2009年6月14日日曜日

本「「世間」とは何か」

<本の紹介>
古来から、日本人の生き方を支配してきた「世間」という枠組。兼好、西鶴、漱石らが描こうとしたその本質とは。西洋の「社会」と「個人」を追究してきた歴史家の視点から問い直す。

「世間」とか「社会」とかって言葉の違いをあんまり意識したことはなかった。
でも、話し言葉では「渡る世間に」とか「世間は狭いね」とか、「世間」を使うことが多いように感じる。
逆に、「社会」って言葉は文字として見ることが多い気が。教科書とか、新聞とか。

おもしろいなーと思いました。
自分を日本人の代表だとは思わないけど、日本に生まれてずっと日本に住んできて、やっぱ見える範囲は大きい社会じゃない。もっと狭い、自分と関わりのある人たちの範囲を自分の社会として見てるんだろうなって思いました。
多分、それぞれの人たちのその範囲を「世間」って言って大きくずれてないと思うし、自分が今までに大事にしてきた人たちも、これから大事にしていきたい人たちも、この「世間」の中に入る人たちだったりする。
本の中では、同じ電車に乗ってる人でも自分と関わりのない人に迷惑がかかってもそこまで気が回らない人も、自分と一緒に乗ってる人に同じことされると気分を害したりして、そこに境界線があるんじゃないかって書き方をしてて、「たしかに」とか思っちゃいました。

その「自分の世間」の範囲を広げていければって思ってもいるし、年々広がっていってるような気もするけど、だからと言って世界中の人たちとつながろうとまでは思ってない。そこまで大きな社会で生きているわけじゃない。

ただ、世界の人たちは「6次の隔たり」でつながっているわけだから、自分が自分の周りにいる人たちと楽しく笑って過ごしていくことを続けていければ、それを受け取った誰かがまた他の誰かにつなげていければ、いつか世界の裏側の人にも届くんだ。だから、自分の世間を大事にしていこう、と改めて思いました。

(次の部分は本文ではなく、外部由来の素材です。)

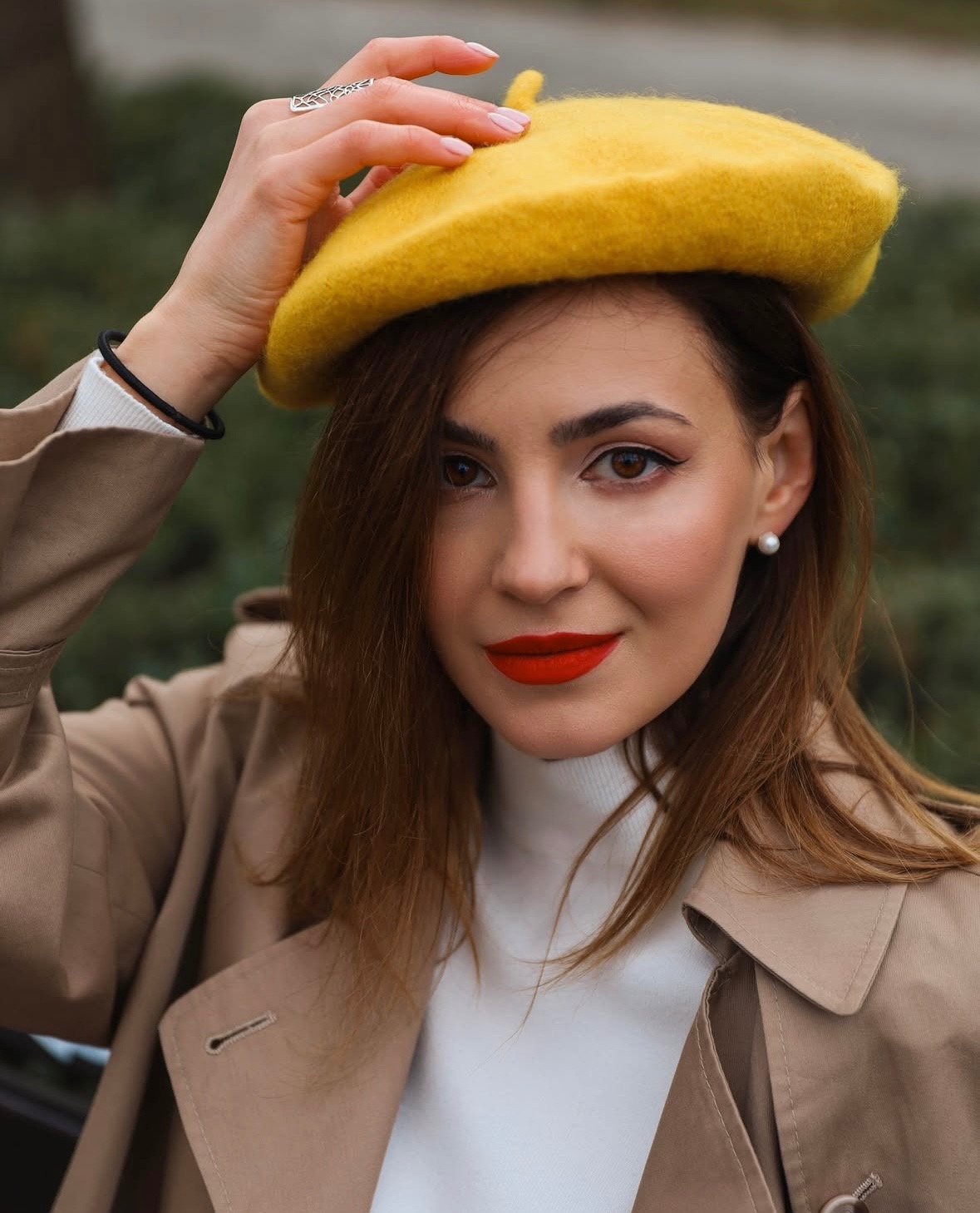 Portret kobiety w beżowym płaszczu i żółtym berecie, z czerwoną szminką i perłą w uchu, trzymającej beret dłonią z ozdobnym pierścionkiem.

あと、日本特有の文化として、こんなこともあるんだそうです。
・世間を騒がせたことをお詫びしたい、という言葉は
 英語やドイツ語に翻訳することができない。
・宝くじにあたると日本では世間をはばかって隠したりするが、
 アメリカでは新聞に堂々と顔写真がでる。
個人的には、そんな日本の文化の方が好きです。

周りにいる人たちのおかげで、自分も活きる。
自分がいることで、周りにいる人たちが活きていく。

自分が今いるのは、両親はもちろんたくさんの人たちのお世話になってきたからだ。
だから、その人たちに自分にできるだけのことを返せる人になりたいです。
そして、もらった分は自分たちだけのものにせず、自分の同世代や後輩たちに確かにつないでいけるといいなと思います。

この本が明らかにしたかったことは全然違うのかもしれないけど、周りの人たちの存在とか、その人たちとの付き合い方について考えるいいきっかけになった本でした。